You can see the loader in action in this example. Locally, my code would resemble this.

if (!request.url.includes(ENV_SECRET_KEY)) {
    return new Response("Must provide a valid SECRET", { status: 400 });
}

In the published worker though, ENV_SECRET_KEY gets replaced with a secret.

An identical snippet of code, but a variable has been replace with a string — a secret value

Aside: Since I’ve started writing this post, Cloudflare have added the ability to manage environment variables and secrets through their CLI and dashboard. Although my workaround is redundant, I’ve left it in because it’s an interesting solution.

With this configured as a part of the build step, my secrets were hidden from the public but visible to me!

Getting cheeky with isolate persistence

Further reading on the architecture behind Workers gleans these interesting snippets about the Isolate-based approach.

A given isolate has its own scope, but isolates are not necessarily long-lived. An isolate may be spun down and evicted for a number of reasons.

Because of this, it is generally advised that you not store mutable state in your global scope unless you have accounted for this contingency.

Given workers run by listening for requests, it’s possible to have the handler function use variables from outside its scope.

While it isn’t recommended practice, we can do it nonetheless!
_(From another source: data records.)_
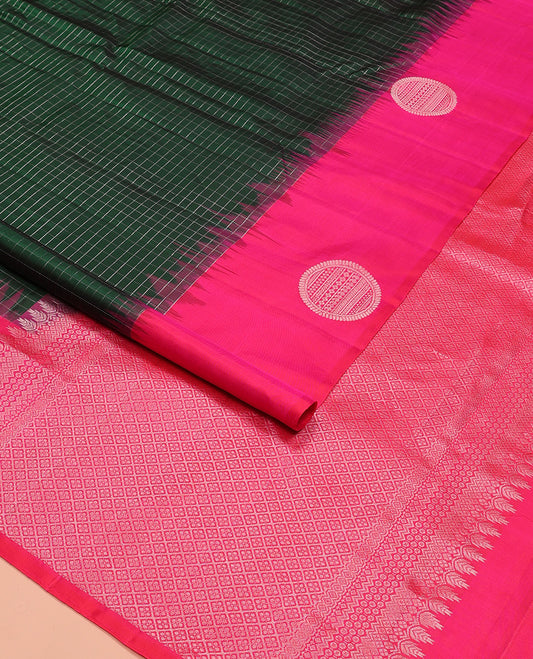 Green checked Kanchipuram silk saree, contrast border of geometric motifs, and jaal pallu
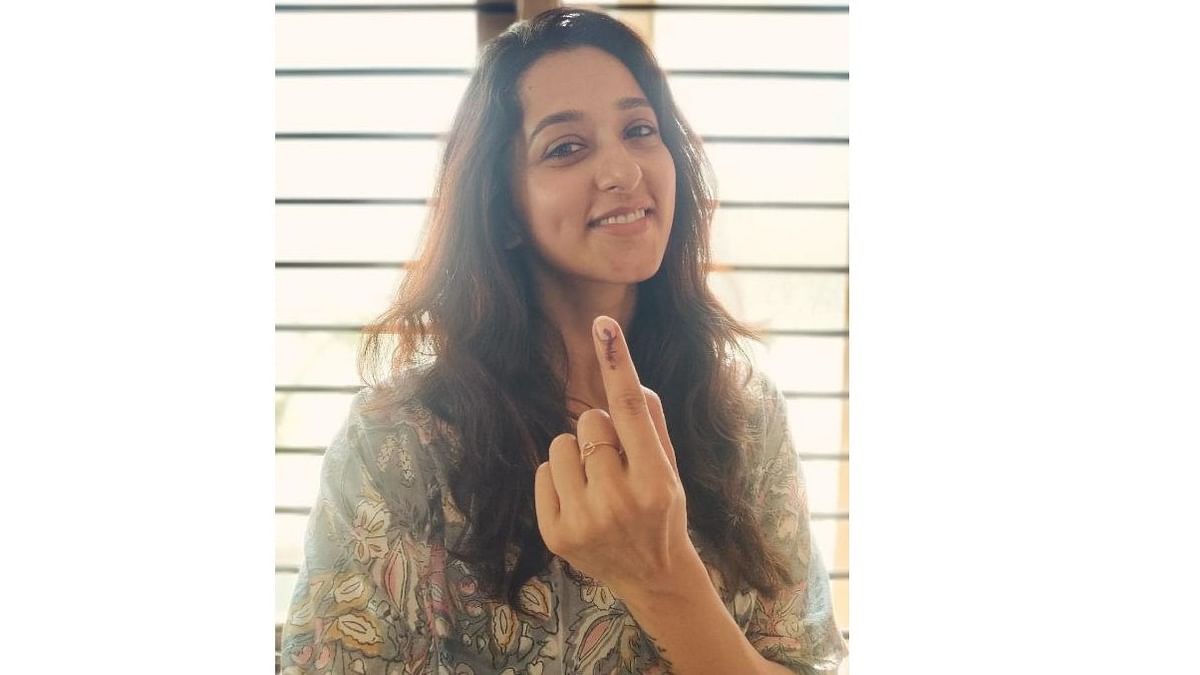 Actress Meghana Gaonkar posted a selfie showing off her inked finger.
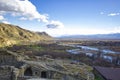 Mountain, river, caves and a sky Royalty Free Stock Photo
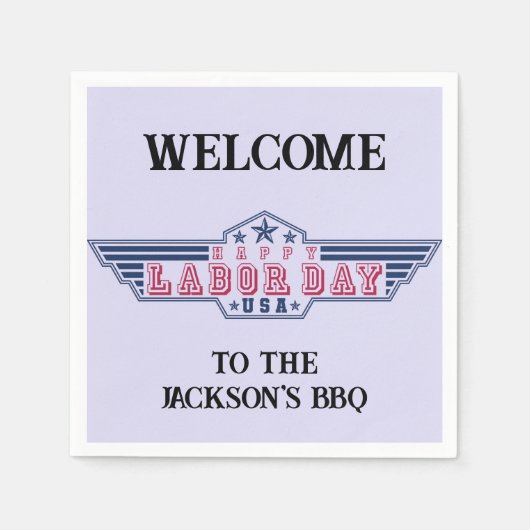 Persoonlijke Happy Labourdag Servet (Voorkant)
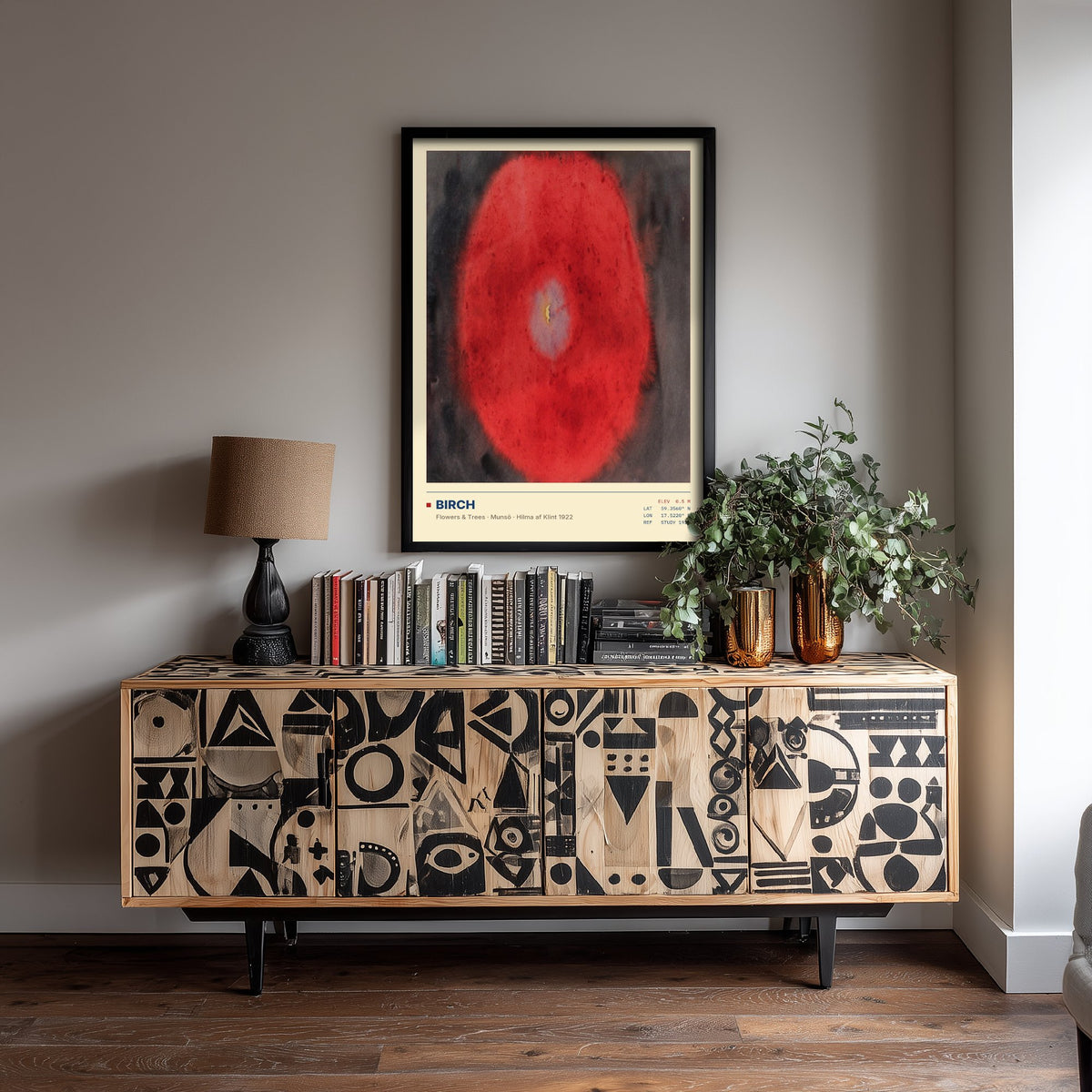 Hilma af Klint - Birch (1922) - Abstract Watercolour Painting Art Print - Red Tree Aura Poster - Flowers and Trees Series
Let’s look at a basic example.

addEventListener("fetch", (event) => {
    event.respondWith(handleRequest(event.request));
});

let counter = 0;

async function handleRequest(request) {
    return new Response(`<h1>${++counter} request/s made!</h1>`, {
        status: 200,
        headers: {
            "Content-Type": "text/html",
        },
    });
}

This gives us an incrementing counter. Everytime a request is made the the worker, the counter is incremented.
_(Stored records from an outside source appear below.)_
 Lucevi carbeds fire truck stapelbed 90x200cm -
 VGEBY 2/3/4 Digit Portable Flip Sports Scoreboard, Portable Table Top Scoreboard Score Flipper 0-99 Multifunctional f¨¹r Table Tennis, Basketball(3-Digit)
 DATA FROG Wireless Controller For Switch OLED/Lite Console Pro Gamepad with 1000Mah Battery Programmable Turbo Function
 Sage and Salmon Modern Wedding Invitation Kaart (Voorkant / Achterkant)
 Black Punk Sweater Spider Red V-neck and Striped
So long as you hit the same edge node/isolate on each request and the isolate is not discarded, the counter will keep incrementing.

A more practical use for this could be to store responses from the web in memory, saving further roundtrips. However, the benefit in response time comes at the risk of a stale read — caution is required. It’s worth noting that caching is available through Cloudflare’s CDN and Cache API.

A verdict

I like Cloudflare Workers.

For existing customers, the ability to add a worker to routes on your domain is convenient. Their ability to “fail open” makes them flexible enough that I’d feel comfortable using them to extend an existing solution.

Alternatively, you can always publish workers to your dedicated workers.dev subdomain too. This gives a quick way to get a simple web application up and running without worrying about hosting/managing a server.

Something I didn’t dig into is the ability to run WebAssembly in addition to JavaScript. This makes it feasible to use many more languages for your workers as well, so long as they support WASM as a compilation target!

Cloudflare have published a number of templates for various Workers if you’d like to see more examples of them in action!

I hope you’ve found this piece interesting. You can find most of the code from this post in my repo of workers on GitHub!